Les lèvres d'Esme se serrèrent légèrement, et elle inclina la tête dans un geste de déférence. « Je ne remettrais jamais en cause votre jugement, Matriarche », répondit-elle avec douceur, bien qu'un tourbillon de pensées contradictoires l'agitât intérieurement.
Un silence lourd s'installa à nouveau, seulement rompu par le crépitement du feu et le tintement cristallin du verre que la Matriarche reposa sur la table d'appoint en marbre. Esme demeura immobile comme une statue, attendant d'éventuelles paroles supplémentaires, mais rien ne vint.
En son for intérieur, Esme ressentait un malaise grandissant. La vengeance d'une femme..., songea-t-elle, son instinct aiguisé lui rappelant le fil du rasoir sur lequel elle marchait. Elle connaissait la Matriarche intimement, l'avait servie assez longtemps pour décrypter les schémas de sa pensée et la brutalité calculée avec laquelle elle poursuivait ses objectifs.

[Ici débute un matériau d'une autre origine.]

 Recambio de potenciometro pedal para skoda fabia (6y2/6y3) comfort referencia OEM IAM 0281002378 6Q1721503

Esme n'avait pu oublier la tension palpable lors du dîner deux semaines plus tôt. La Matriarche était restée d'une élégance impeccable, mais Esme avait saisi cette lueur infime dans son regard—de l'irritation, peut-être même une pointe d'humiliation. Les paroles d'Astron, qu'elles fussent véridiques ou non, avaient égratigné son orgueil légendaire.
Ce garçon est intelligent, pensa Esme en maintenant une expression neutre. Mais l'intelligence peut se révéler mortelle dans un jeu comme celui-ci.

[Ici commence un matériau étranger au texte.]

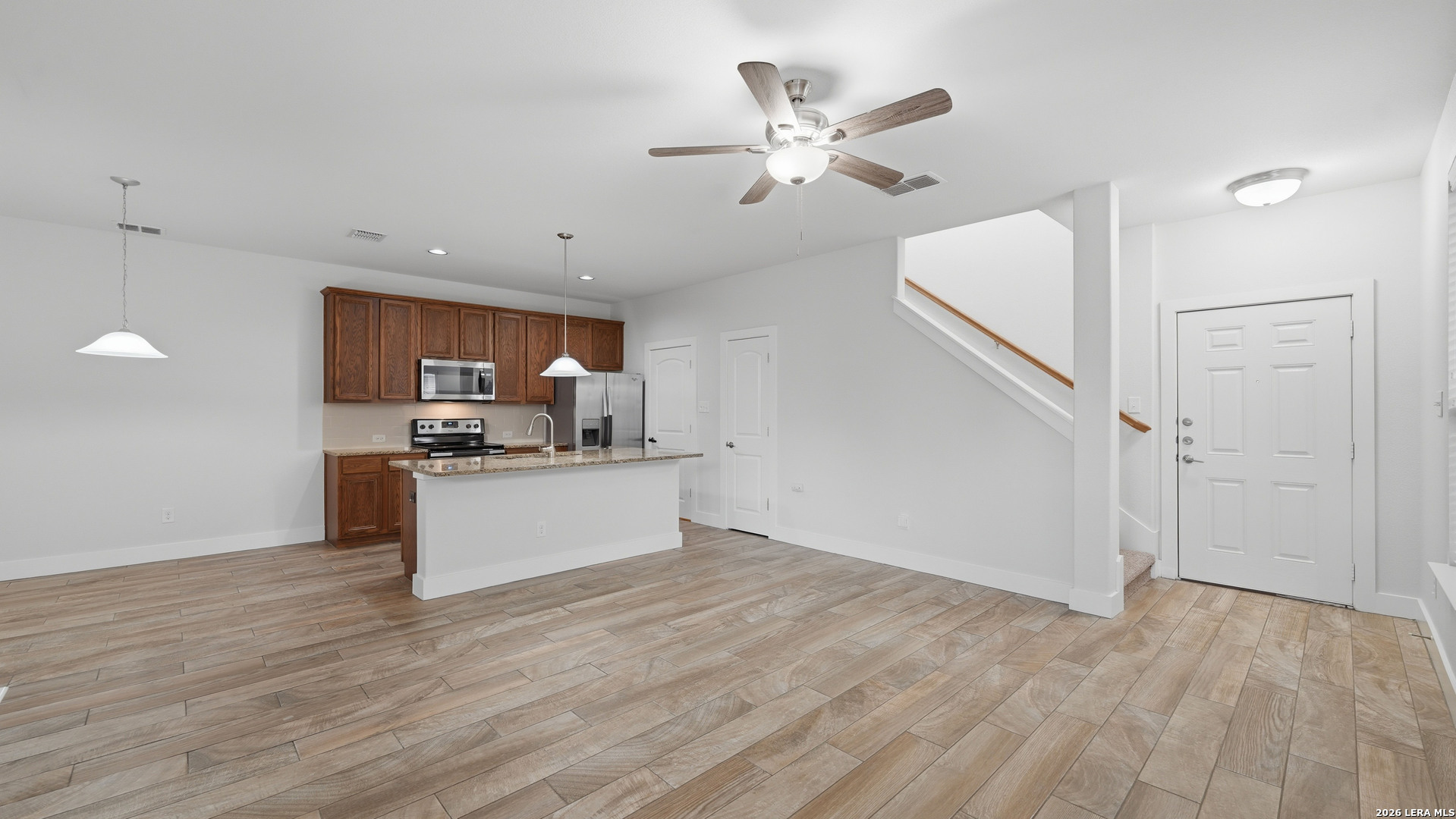 727 Gristmill Drive New Braunfels TX 78130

La Matriarche reprit son verre dans un geste élégant, le son cristallin arrachant Esme à ses réflexions. « Astron », prononça la Matriarche d'une voix songeuse, presque murmurante. « C'est une anomalie vivante. Un qui ne s'incline pas. Un qui ne tremble pas. » Elle émit un rire léger, dépourvu de toute chaleur. « Ce garçon a cru pouvoir me défier par la simple puissance de ses mots. »
Esme garda un silence de plomb, bien qu'un frisson d'appréhension la parcourût. L'orgueil de la Matriarche n'était pas une chose à provoquer à la légère.
En vérité, quiconque avait osé un tel affront avait fini par en subir les conséquences les plus terribles.
*****
Emma était allongée avec désinvolture dans son fauteuil capitonné, l'éclairage tamisé de sa suite projetant des ombres dramatiques sur ses traits ciselés. Le murmure lointain de l'activité estudiantine parvenait étouffé à travers les vitres, mais son attention était entièrement captivée par le téléphone plaqué contre son oreille.
« Es-tu absolument certain de pouvoir obtenir le mentor qu'elle désignera ? » demanda Emma, son ton sec mais néanmoins teinté d'une curiosité malsaine.
Une voix grave et méthodique répondit à l'autre extrémité de la ligne. [Positif. Je m'en occupe personnellement. Inutile de t'inquiéter pour cet aspect.]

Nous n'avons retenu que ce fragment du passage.